Profil bas pour Bakes jusqu'à ce qu'en 1988, un nouveau Pédégé, André Lussi, prenne la tête de Clearstream. Lussi compte bien étendre le système des comptes cachés et élimine progressivement tout ceux qui, au sein de la banque, commencent à avoir des problèmes de conscience. CEDEL voit alors fleurir les comptes pour des banques russes (on est en pleine pérestroïka), colombienne, italienne, pakistanaise, suisse, américaine et même du Crédit Lyonnais.
Lussi élimine ses ennemis au sein de la banque en les identifiant grâce à un habile stratagème: il paye un journaliste pour aller questionner tout le monde et voir ainsi qui est prêt à parler. Une fois identifiés, les démissions pleuvent et le système s'obscurcit. Bakes, qui en connaît très long sur le système qu'il a mis en place se méfie grandement des journalistes financiers et prend contact avec Denis Robert, un ancien de libération qui n'a rien a voir avec le monde de la finance.

Bakes arrive donc chez Robert avec 10 ans d'archives microfilmées et les deux hommes vont mener une enquête dont les conclusions amènent la sortie d'un documentaire, (les dissimulateurs) diffusé en mars 2001 sur Canal + (90 minutes) ainsi que la sortie du livre "Révélation$" écrit par Denis Robert.
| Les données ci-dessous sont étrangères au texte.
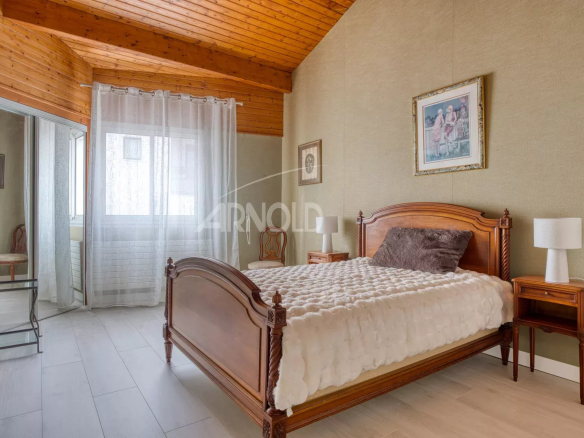 Spacious room with wooden bed and warm decor, natural light in Saint-Gilles-Croix-de-Vie.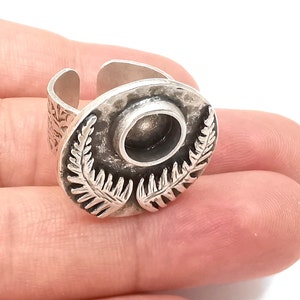 Op de afbeelding: Zilveren ring met een varendesigne en een ronde bezel voor een cabochonsteen. De ring is verstelbaar en heeft een gehamerde textuur.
L'affaire est énorme, Clearstream attaque en justice pour diffamation et Robert est soutenu par bon nombre de juges qui traitent des affaires d'argent (signataires de l'appel de Genève). Eva Joly (Crédit Lyonnais) Van Ruymbeck (les frégates de Taïwan) etc. Tous soutiennent l'enquête de Robert et Bakes. Ils ont besoin que des journalistes aillent mettre le nez dans les archives et leur débrousaillent un peu le terrain. Ils sont aussi ravis que certains osent dénoncer au grand public des affaires dont eux, les juges, n'ont pas le droit de parler.
Les journalistes sont tous soumis à la loi du "off": on leur dit tout et en contrepartie, ils s'engagent à n'en révéler qu'une infime partie. Mais là, Robert n'est pas soumis à la loi du "off" financier puisque ce n'est pas un journaliste financier. Il envoie tout dans son documentaire et ses livres et c'est là que commence les déboires judiciaires.

Nous sommes au début de l'année 2001: La sortie du livre de Robert (26 fevrier) et la diffusion du reportage (1er mars) fait grand bruit dans la presse internationale. Le Luxembourg ouvre une enquête sur Clearstream (qui finira par un non-lieu et par le rachat de Clearstream par la Deutsch Börse Clearing en décembre 2001). Dans son enquête, Robert met en cause des mafieux Russes, Italiens, des services secrets (qui passent par Cleasrtream pour payer des rançons) des grosses entreprises publiques, bref, que du gros poisson.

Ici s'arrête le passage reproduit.